In contrast, Gradient Boost starts by making a single leaf, instead of a tree or Stump. This leaf represents an Initial guess for the weights of all the samples. When trying to predict a continuous value like weight, the first guess is the average value. Then Gradient Boost builds a tree, like AdaBoost this tree is based on the errors made by the previous tree but unlike AdaBoost this tree is usually larger than a stump.

Gradient Boost still restricts the size of the tree. In the above example we will build the trees with up to four leaves, but no larger. However, in practice, people often set the maximum number of leaves to be between 8 and 32. Thus, like AdaBoost, Gradient Boost builds fixed sized tree on the previous tree’s errors, but unlike AdaBoost, each tree can be larger than stump. Then Gradient Boost builds another tree based on the errors made by the previous tree this process continues to until it has made the number of trees you asked for, or it has a perfect fit.

💫Intuition behind Gradient Boosting for Regression:

Here we will understand how Gradient Boosting Algorithm works for Regression Problem.

We will use the below data set for understanding the intuition behind GBM where we have the height measurements from six people their favorite Color and Gender to predict their Weights.

📢NOTE: when Gradient Boost is used to predict a continuous value, like weight, we say that we are using Gradient Boost for Regression.

DATA SET

💛STEP 1: Calculate the Average of the Target Variable (Weight):

The first thing we do is calculate the Average Weight. This is the first attempt at predicting everyone’s weight. In other words, if we stopped right now, we would predict that everyone weighed 71.2 kgs. However, Gradient Boost doesn’t stop here. Like i said Gradient Boost starts by making a single leaf, instead of a tree or Stump. This leaf represents an Initial guess for the weights of all the samples. When trying to predict a continuous value like weight, the first guess is the average value.

Leaf

💙STEP 2: Build Tree Based on the Errors of Previous Tree.

The next thing we do is build a tree based on the Errors of the first tree. The Errors that the previous tree made are the differences between the Observed weights and the predicted weights.

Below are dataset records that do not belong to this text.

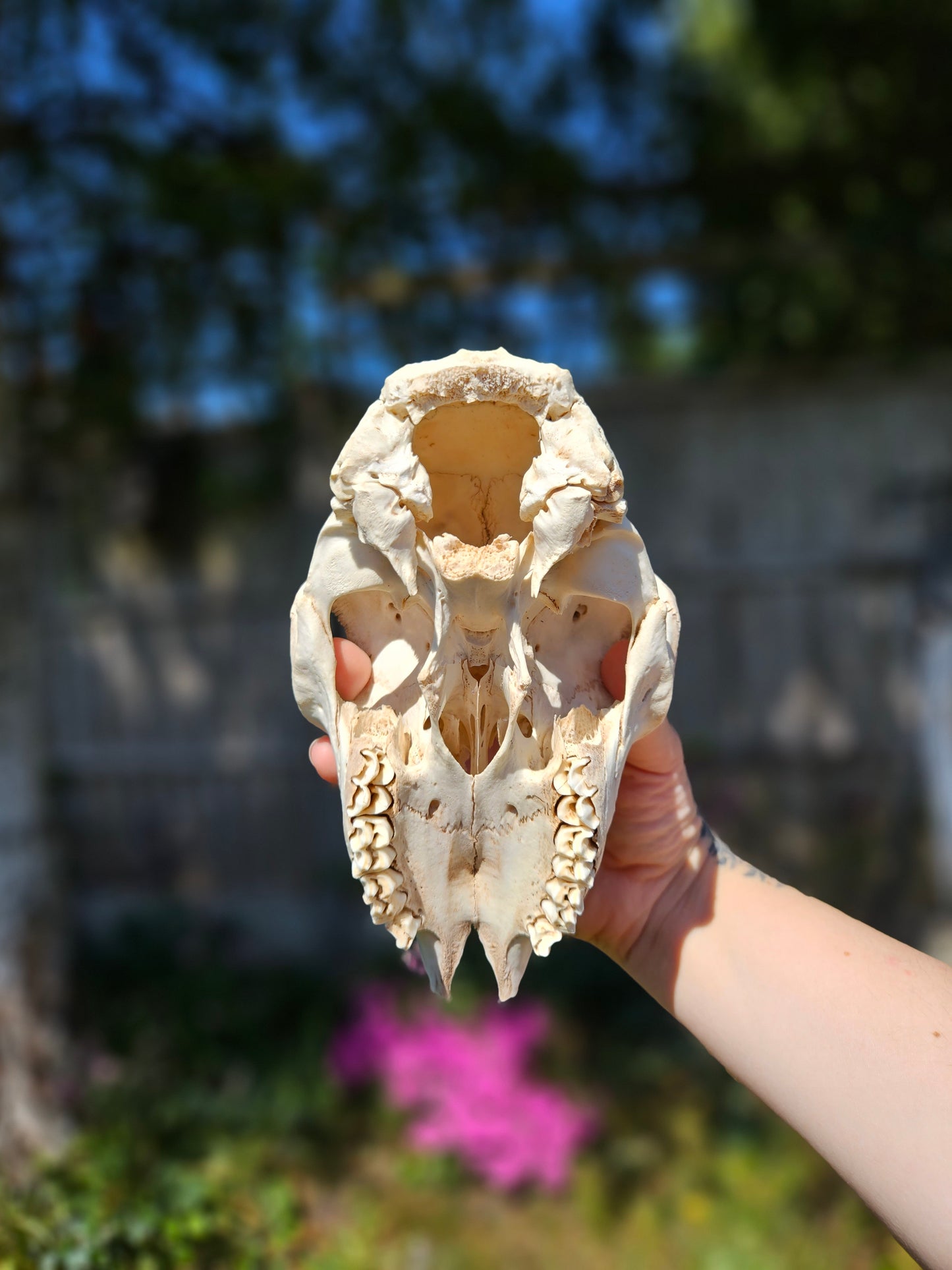 Nature found lamb skull 2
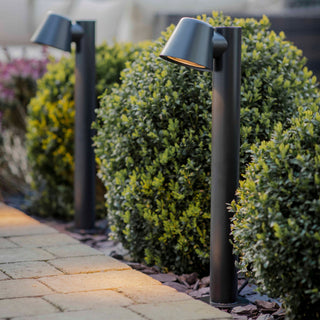 Path Light - Limited Abode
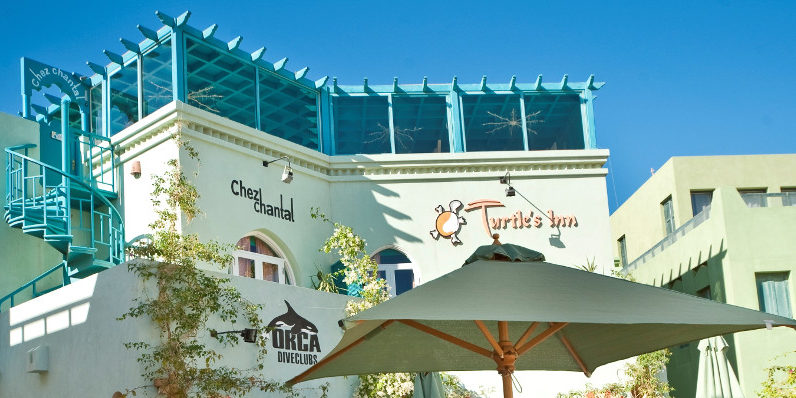 Take this quiz to find out which Turtle’s Inn room is for you?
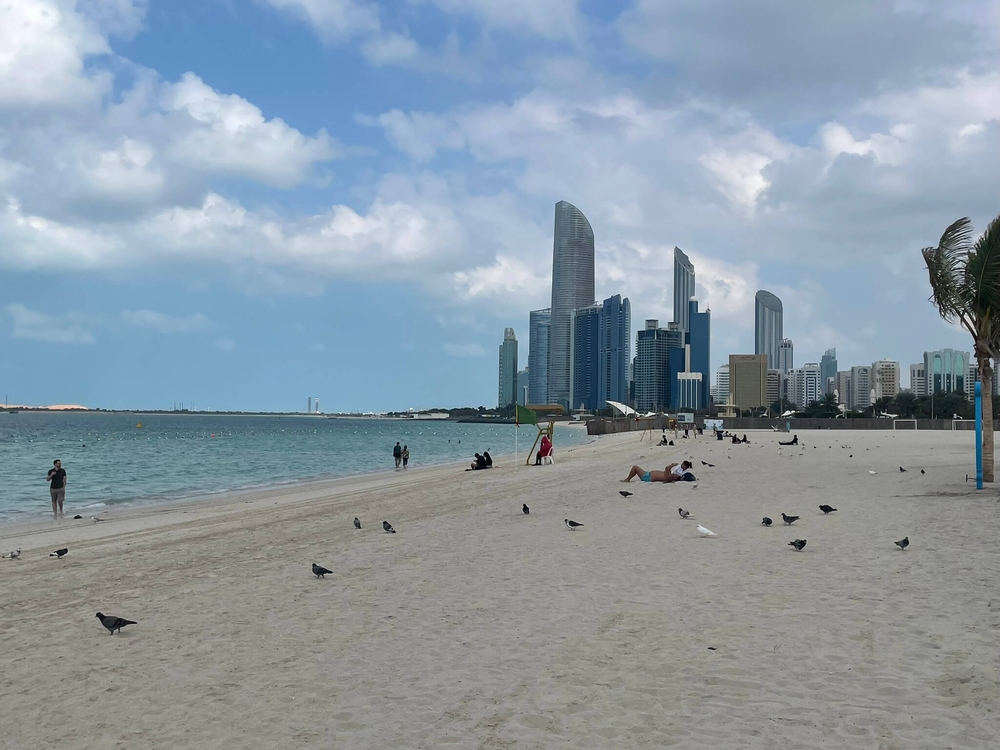 img of The UAE's Multi-Alignment Strategy: A Blueprint for Global South Sovereignty in the Face of Western Pressure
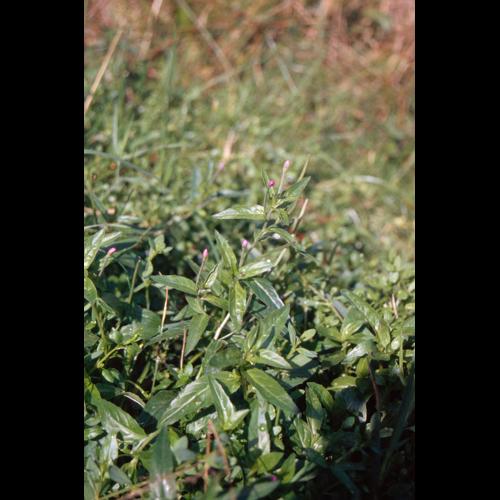 Epilobium obscurum &copy; CHOISNET G.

Error or Residual=Observed Weight -Predicted Weight. Since the Predicted weight for the first tree or leaf is 71.2 which is same for all the samples. Let’s plugin Observed weights and the predicted weight to get the Error or Pseudo Residual in a new column.

📢NOTE: Use Observed weights as Weights Given in original data set and the predicted weights as 71.2 .

📢NOTE: The term Pseudo Residual is based on Linear Regression, where the difference between the Observed Values and the Predicted values results in Residuals. The ‘Pseudo’ Part of the Pseudo Residual is a remainder that we are doing Gradient Boost, not Linear Regression.

Now we will build a tree as shown below, Using Height, Favorite color and Gender as Independent Variables and the Residual as the Dependent Variable.

📢NOTE: The output of this tree is predicted values for Residuals but not Predicted values for weights.

Tree

In the above example we are allowing only four leaves but when we use large data set it is common to allow anywhere from 8 to 32. By restricting the total number of leaves we get fewer leaves than Residuals. As a result, the third and the six rows of data go to the same leaf (First leaf in the above Image). So, we replace these Residuals with their average. Similarly, four and five rows of data go into same leaf (Third leaf in the above Image). So, after replacing with averages the tree looks as below.

Now we combine the Original leaf and the new tree to make a prediction of an individual’s weight from the Training Data.

🧡STEP 3: Make Predictions on the Complete Training Data

Let’s try to predict the weight of the below given record using the Independent variables.

We start with the Initial Prediction 71.2 then we run the data down the tree and we get 16.8. So, the predicted weight equals =71.2 +16.8 = 88 which is the same as the observed weight.

Is this awesome? No. The model fits the training data to well but it fails to predict when an unseen tuple is tested over the model. In other words, we have low Bias but probably high Variance. Gradient Boost deals with this problem by using a Learning rate to scale the contribution from the new tree. The Learning Rate is a Value between 0 and 1. In this case we will set the Learning rate value as 0.1 we use the same Learning rate for all the trees.

Now if we pass the same tuple over the model. The predicted weight will now be 71.2+(0.1*16.8) =72.9. With the Learning rate set to 0.1, the new prediction isn’t as good as it was predicted without the Learning rate but it’s a little better than the prediction made with just the original leaf, which predicted that all samples would weigh 71.2. In other words, introducing Learning rate results in a small step in the right direction.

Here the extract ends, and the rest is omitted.